Material provided ->

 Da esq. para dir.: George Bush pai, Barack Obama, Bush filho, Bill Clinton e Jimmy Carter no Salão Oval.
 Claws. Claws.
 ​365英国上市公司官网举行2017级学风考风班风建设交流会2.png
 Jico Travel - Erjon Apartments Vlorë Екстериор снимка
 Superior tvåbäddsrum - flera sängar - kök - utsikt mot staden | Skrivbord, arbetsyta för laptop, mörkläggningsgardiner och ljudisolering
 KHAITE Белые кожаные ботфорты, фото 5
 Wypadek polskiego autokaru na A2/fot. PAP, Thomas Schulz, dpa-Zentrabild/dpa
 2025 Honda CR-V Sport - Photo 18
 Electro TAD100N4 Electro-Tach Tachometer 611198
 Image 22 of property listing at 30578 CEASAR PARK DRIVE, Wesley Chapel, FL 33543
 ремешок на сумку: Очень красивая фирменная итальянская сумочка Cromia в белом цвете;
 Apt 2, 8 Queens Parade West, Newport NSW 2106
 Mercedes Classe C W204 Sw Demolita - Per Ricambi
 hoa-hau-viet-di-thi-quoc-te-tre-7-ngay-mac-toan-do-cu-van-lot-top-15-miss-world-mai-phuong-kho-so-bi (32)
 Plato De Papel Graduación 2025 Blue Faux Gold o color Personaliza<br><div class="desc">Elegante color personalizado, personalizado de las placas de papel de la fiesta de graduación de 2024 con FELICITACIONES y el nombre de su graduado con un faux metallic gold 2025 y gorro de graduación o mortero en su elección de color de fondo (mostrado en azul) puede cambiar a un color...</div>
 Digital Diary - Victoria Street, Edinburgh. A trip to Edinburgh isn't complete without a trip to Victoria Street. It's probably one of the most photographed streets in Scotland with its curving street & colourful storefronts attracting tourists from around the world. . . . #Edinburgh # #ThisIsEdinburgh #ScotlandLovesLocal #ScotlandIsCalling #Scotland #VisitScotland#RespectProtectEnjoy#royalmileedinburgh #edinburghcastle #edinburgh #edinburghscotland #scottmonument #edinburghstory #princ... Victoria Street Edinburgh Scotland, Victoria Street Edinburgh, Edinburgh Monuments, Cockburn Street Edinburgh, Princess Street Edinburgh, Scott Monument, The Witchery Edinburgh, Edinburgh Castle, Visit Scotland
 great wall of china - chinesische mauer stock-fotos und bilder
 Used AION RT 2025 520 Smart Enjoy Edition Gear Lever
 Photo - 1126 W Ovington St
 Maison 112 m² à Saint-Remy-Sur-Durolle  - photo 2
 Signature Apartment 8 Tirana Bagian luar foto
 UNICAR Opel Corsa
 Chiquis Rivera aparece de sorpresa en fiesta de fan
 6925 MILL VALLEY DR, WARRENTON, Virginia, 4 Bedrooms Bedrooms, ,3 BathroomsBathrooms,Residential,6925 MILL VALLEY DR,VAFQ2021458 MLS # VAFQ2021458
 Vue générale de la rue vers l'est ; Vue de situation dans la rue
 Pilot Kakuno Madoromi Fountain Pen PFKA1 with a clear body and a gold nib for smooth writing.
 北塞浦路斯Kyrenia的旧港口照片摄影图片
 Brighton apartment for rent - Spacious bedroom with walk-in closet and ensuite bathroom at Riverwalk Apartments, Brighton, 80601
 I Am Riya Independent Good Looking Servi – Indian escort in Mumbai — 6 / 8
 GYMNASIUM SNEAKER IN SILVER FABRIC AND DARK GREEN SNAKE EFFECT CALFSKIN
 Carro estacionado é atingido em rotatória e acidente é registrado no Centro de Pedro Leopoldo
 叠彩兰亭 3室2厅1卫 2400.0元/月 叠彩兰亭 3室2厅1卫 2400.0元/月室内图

Goal of the exercise -> Write out exactly the lines above from the line with "KHAITE Белые кожаные ботфорты, фото 5" through the line with "Plato De Papel", both of them included, and leave out all other lines.

Response area ->
 KHAITE Белые кожаные ботфорты, фото 5
 Wypadek polskiego autokaru na A2/fot. PAP, Thomas Schulz, dpa-Zentrabild/dpa
 2025 Honda CR-V Sport - Photo 18
 Electro TAD100N4 Electro-Tach Tachometer 611198
 Image 22 of property listing at 30578 CEASAR PARK DRIVE, Wesley Chapel, FL 33543
 ремешок на сумку: Очень красивая фирменная итальянская сумочка Cromia в белом цвете;
 Apt 2, 8 Queens Parade West, Newport NSW 2106
 Mercedes Classe C W204 Sw Demolita - Per Ricambi
 hoa-hau-viet-di-thi-quoc-te-tre-7-ngay-mac-toan-do-cu-van-lot-top-15-miss-world-mai-phuong-kho-so-bi (32)
 Plato De Papel Graduación 2025 Blue Faux Gold o color Personaliza<br><div class="desc">Elegante color personalizado, personalizado de las placas de papel de la fiesta de graduación de 2024 con FELICITACIONES y el nombre de su graduado con un faux metallic gold 2025 y gorro de graduación o mortero en su elección de color de fondo (mostrado en azul) puede cambiar a un color...</div>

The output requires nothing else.